Of course, sometimes doing things the “easy” way does require a little bit (or a lot!) of preliminary work; for example …
- It’s easier, in the long run, to strum syncopated rhythms accurately if you first learn to use a consistent up-and-down strumming pattern, which takes a lot of practice (more about this in a later post).
- It’s much easier to play fast bass lines or lead riffs by first learning to alternate your right-hand index and middle fingers when playing slowly … which, again, takes a lot of practice.
- It’s easier to play in sync with the rest of your band if everyone first learns to keep steady time by practicing with a metronome.
If you’re not already familiar with Canadian ukulele virtuoso and educator James Hill, you should be. (Just enter his name in the YouTube search box, and prepare to be astonished and delighted.) He says his favorite ukulele chord shape is the two-finger “G6”, both because it has an authentic “Hawaiian” sound and because it is extremely versatile. (Here’s a YouTube video and an article with more details about the G6 chord.)
My favorite thing about the G6 chord is this: The absolutely easiest, quickest way for a beginner to get started playing real songs on the uke is by using this shape and its counterpart, the two-finger “Hawaiian D7”. (More on this chord, and other kinds of D7 chords, in a later post!)
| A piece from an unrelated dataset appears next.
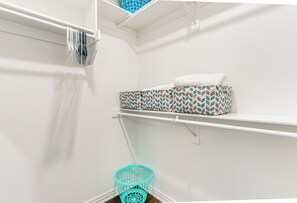 Un área de lavandería con una pared blanca, una repisa con un cesto de ropa de diseño y una toalla blanca sobre una estantería.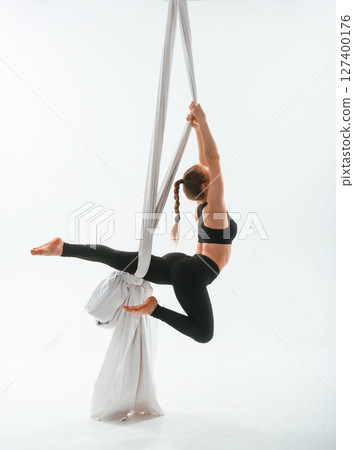 Strong arms and legs. In the midair. Young beautiful woman doing fly yoga against white background Strong arms and legs. In the midair. Young beautiful woman doing fly yoga against white background 127400176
These two shapes are mirror images on the fretboard: G6 is made with two fingers at the second fret on strings 1 and 3 (the A and C strings), while D7 is on strings 2 and 4 (the E and G strings). You can switch easily between these two chords by just shifting your left-hand fingers slightly back and forth. They sound great, and you can immediately play a few two-chord songs (like “Jambalaya”, “Darling Clementine”, and “Achy Breaky Heart”) in the key of G using these!
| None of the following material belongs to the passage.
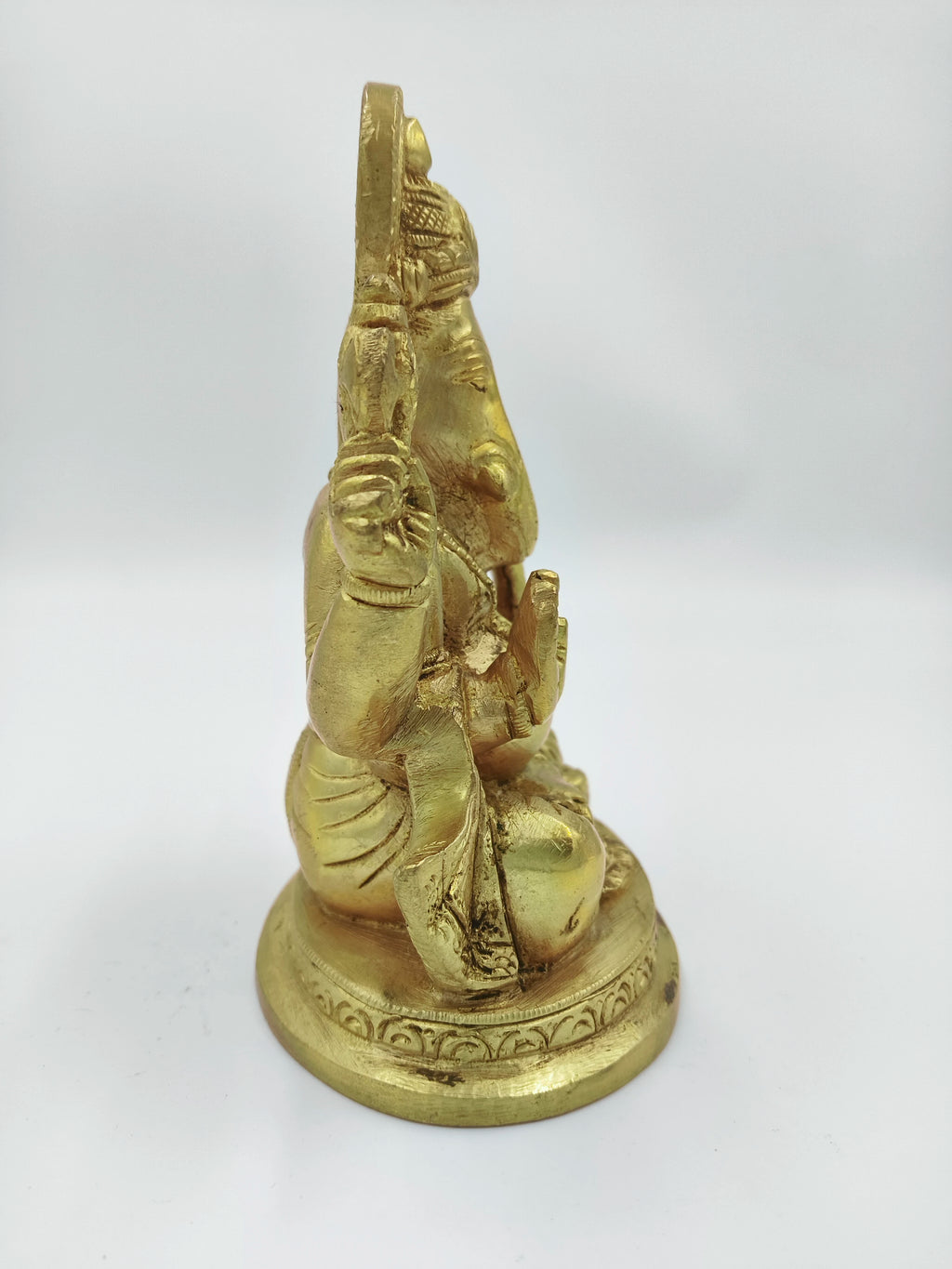 Side view of medium brass Padmasana Ganapati statue seated on ornate base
Better yet, you can play hundreds of three-chord songs just by adding the C6 chord, which uses no left-hand fingers at all!
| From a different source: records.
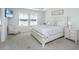 Bright primary bedroom with a bed, a nightstand, and large windows looking out to the water at 6976 Pumpkinseed Dr, Johns Island, SC 29455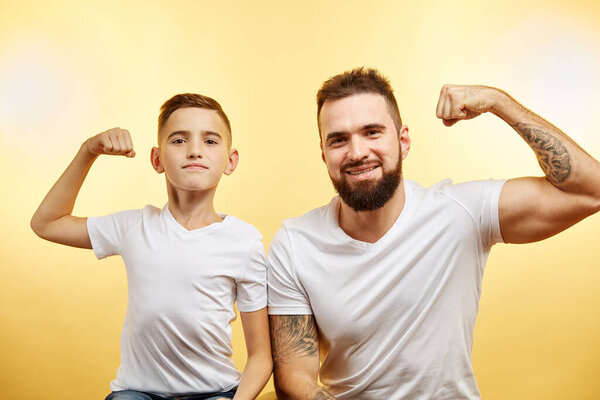bearded father and his son looking at camera and smiling while show biceps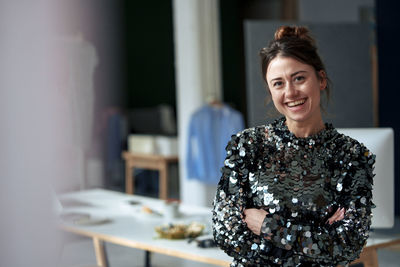 Happy beautiful businesswoman wearing sequin dress at home office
So if you ever come across sheet music for an old familiar song with a lot of G, C, and D chords, try replacing them with these super-easy-to-play (but rather impressive-sounding!) G6, C6, and “Hawaiian” D7 fingerings. Be aware, though, that these versions of the chords might not quite fit for some songs and some musical styles, so you’ll eventually have to learn the regular G, C, and D chords too.
Just don’t be afraid to experiment and figure out what sounds right. In music, whatever sounds right … is right!